Six days after news initially broke on July 21 that Texas and Oklahoma were planning to leave the Big 12, the programs said they would not extend their grant of rights beyond 2025 when that current contract expires with ESPN and Fox. Grant of rights deals allow conferences to control television revenue for their members. If a team or teams leave before the contract is up, the league still maintains those rights.

That is part of the reason Texas and Oklahoma have pledged to stay in the Big 12 for the remaining four years of the TV deal. Bowlsby reiterated that his conference intends to hold the programs to that contract.

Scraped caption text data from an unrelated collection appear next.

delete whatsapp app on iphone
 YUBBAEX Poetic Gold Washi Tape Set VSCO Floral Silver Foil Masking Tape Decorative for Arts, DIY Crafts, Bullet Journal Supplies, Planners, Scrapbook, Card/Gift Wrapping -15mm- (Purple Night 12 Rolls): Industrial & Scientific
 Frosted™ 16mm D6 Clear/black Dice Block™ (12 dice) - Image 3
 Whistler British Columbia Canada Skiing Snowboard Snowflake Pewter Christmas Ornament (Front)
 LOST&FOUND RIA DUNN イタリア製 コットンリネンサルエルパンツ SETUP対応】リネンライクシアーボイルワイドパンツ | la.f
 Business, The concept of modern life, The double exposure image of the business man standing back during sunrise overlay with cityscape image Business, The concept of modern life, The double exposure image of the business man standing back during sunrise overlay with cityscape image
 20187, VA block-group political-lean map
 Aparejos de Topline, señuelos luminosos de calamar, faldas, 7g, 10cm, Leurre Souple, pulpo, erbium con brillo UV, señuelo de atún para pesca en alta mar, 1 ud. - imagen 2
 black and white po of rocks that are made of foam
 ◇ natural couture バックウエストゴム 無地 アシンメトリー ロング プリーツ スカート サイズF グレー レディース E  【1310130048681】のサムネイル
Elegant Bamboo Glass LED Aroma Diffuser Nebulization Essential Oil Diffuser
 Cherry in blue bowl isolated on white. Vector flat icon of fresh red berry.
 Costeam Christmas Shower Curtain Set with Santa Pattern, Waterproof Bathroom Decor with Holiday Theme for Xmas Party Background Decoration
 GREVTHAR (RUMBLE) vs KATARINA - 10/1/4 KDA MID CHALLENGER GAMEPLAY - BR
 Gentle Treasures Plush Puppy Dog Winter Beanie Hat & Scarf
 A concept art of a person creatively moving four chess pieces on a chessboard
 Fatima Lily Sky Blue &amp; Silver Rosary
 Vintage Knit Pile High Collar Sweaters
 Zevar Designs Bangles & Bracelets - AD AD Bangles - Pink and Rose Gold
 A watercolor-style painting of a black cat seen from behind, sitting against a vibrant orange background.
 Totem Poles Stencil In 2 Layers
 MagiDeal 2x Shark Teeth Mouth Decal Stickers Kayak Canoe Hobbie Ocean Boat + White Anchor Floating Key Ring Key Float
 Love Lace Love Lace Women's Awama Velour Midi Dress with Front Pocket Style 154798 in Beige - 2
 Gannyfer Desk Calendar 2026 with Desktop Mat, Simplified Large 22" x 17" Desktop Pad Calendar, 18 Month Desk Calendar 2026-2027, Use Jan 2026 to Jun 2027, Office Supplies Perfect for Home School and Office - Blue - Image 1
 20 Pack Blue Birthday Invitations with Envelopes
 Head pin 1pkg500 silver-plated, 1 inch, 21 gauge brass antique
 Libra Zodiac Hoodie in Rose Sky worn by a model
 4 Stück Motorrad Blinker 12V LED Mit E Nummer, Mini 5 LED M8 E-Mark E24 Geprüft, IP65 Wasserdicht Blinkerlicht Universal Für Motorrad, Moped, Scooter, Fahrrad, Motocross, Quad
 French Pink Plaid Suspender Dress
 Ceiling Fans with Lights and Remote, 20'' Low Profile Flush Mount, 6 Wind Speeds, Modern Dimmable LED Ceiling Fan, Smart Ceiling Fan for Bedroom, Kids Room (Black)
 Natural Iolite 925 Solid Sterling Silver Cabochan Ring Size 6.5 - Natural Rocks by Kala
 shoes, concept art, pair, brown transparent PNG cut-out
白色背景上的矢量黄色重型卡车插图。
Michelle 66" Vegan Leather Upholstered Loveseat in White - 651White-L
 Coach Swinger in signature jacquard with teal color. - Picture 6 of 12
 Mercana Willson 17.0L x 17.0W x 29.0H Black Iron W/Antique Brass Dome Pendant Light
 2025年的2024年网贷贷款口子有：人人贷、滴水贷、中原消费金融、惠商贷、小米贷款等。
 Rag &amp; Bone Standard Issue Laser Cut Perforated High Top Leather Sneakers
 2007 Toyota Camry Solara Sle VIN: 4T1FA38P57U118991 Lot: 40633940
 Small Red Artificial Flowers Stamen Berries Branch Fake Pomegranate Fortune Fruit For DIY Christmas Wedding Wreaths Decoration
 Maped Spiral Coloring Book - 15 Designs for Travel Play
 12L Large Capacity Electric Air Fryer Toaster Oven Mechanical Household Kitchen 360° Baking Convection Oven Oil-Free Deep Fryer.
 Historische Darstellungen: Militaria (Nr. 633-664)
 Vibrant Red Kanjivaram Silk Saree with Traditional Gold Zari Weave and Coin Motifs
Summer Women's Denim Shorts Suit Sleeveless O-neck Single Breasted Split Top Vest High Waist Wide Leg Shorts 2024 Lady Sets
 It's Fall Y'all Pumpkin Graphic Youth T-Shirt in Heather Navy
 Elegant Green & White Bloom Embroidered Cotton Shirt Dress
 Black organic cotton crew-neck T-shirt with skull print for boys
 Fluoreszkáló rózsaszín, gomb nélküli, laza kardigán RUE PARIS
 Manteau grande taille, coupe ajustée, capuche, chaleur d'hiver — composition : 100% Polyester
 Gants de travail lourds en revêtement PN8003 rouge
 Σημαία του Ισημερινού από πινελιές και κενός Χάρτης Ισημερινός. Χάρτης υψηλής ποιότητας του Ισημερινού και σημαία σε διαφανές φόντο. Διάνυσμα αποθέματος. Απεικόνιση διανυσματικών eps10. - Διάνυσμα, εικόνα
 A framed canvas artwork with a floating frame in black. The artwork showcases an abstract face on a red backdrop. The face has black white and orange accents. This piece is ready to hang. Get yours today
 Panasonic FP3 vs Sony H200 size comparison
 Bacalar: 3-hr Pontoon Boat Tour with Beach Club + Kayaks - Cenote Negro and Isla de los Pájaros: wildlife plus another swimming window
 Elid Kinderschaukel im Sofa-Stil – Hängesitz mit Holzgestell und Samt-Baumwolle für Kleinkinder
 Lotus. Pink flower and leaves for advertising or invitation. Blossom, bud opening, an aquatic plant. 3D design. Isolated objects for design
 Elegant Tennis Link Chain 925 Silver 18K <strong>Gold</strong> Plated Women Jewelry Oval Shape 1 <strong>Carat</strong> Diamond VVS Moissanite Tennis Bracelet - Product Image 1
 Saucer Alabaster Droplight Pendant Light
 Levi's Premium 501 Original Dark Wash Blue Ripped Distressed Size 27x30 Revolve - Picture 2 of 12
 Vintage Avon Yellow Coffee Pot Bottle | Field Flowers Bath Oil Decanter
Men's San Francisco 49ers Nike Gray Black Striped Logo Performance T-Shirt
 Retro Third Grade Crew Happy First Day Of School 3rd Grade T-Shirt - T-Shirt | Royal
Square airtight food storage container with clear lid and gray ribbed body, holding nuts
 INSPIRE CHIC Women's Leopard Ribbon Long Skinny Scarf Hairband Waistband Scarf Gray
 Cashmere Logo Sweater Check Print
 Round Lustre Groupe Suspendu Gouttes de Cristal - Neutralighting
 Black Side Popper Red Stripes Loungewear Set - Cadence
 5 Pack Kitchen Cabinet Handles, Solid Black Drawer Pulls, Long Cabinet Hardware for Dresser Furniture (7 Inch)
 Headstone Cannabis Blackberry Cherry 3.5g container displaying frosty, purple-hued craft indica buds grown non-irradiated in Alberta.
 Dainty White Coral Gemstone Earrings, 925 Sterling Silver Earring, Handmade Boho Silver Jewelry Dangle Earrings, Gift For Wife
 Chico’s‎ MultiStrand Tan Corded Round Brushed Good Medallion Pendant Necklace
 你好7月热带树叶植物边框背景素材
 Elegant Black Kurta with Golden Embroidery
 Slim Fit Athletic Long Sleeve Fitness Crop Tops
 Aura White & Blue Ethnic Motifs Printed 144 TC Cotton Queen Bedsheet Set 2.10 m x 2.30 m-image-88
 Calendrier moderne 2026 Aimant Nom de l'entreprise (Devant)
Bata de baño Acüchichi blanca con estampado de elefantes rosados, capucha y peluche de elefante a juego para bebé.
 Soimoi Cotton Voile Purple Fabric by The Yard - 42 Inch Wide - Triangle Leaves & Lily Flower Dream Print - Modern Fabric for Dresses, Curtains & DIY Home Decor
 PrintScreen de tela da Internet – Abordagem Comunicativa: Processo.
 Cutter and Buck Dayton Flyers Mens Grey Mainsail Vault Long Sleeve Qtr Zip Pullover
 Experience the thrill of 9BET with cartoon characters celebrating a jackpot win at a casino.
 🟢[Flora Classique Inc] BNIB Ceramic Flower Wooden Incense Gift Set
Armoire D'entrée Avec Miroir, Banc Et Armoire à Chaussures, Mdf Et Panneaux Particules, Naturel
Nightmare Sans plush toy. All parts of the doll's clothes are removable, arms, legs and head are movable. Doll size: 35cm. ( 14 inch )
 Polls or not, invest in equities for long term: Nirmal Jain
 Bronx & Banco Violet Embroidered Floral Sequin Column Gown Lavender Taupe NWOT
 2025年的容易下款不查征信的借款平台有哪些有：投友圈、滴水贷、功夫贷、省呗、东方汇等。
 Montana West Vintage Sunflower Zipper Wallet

Asked about rumors he demanded Big 12 schools extend their grant of rights agreements beyond 2025, Bowlsby had a simple response: "Bullshit."

Bowlsby understands why the Big 12 wasn't invited to the three-conference alliance formed by the ACC, Big Ten and Pac-12 over the summer. For the moment, the three leagues plan to play nonconference games against each other while perhaps creating stand-alone, neutral-site basketball events.

Those conference commissioners have also made veiled comments about uniting against the SEC's growing power with the addition of Texas and Oklahoma.

"I understand why they didn't have us be a part of it," Bowlsby said. "They're concerned about antitrust considerations circling around the SEC. The other reason is we're losing members, and we weren't in a position to make a commitment."

The Big Ten and Pac-12, at least, are considering playing one less conference game (dropping from nine to eight) to improve their schedule strengths with more high-profile nonconference games.

"Conference content is always going to be better than nonconference contest," Bowlsby said. "That's a decision we're going to have to make [in the new 12-team Big 12]. But the Pac-12 going to eight games is crazy. They're not going to get nonconference games that are as good as their league games."

To combat the departures of Texas and Oklahoma, the Big 12 is bringing in Cincinnati, Houston and UCF from the American.

Bowlsby remains unconcerned about his league retaining Power Five status in realignment. In the current configuration, the major conferences hold that distinction as they hold a collection of the game's best football brands. They also have autonomy voting designation (weighted voting) in NCAA governance.

"There is no such thing as a Power Five," Bowlsby said. "[The media] likes 'Power Five'.  We don't really ever use the 'Power Five'."

Power Five status for the Big 12 could eventually be defined when it's time to divide revenue for the expanded College Football PLayoff. Will the Big 12 -- without Texas and Oklahoma -- get a full share, same as the rest of the Power Five leagues, or will they have to share in the lump sum awarded to the Group of Five conferences?

"Revenue sharing is going to be an issue at some point in time," Bowlsby admitted.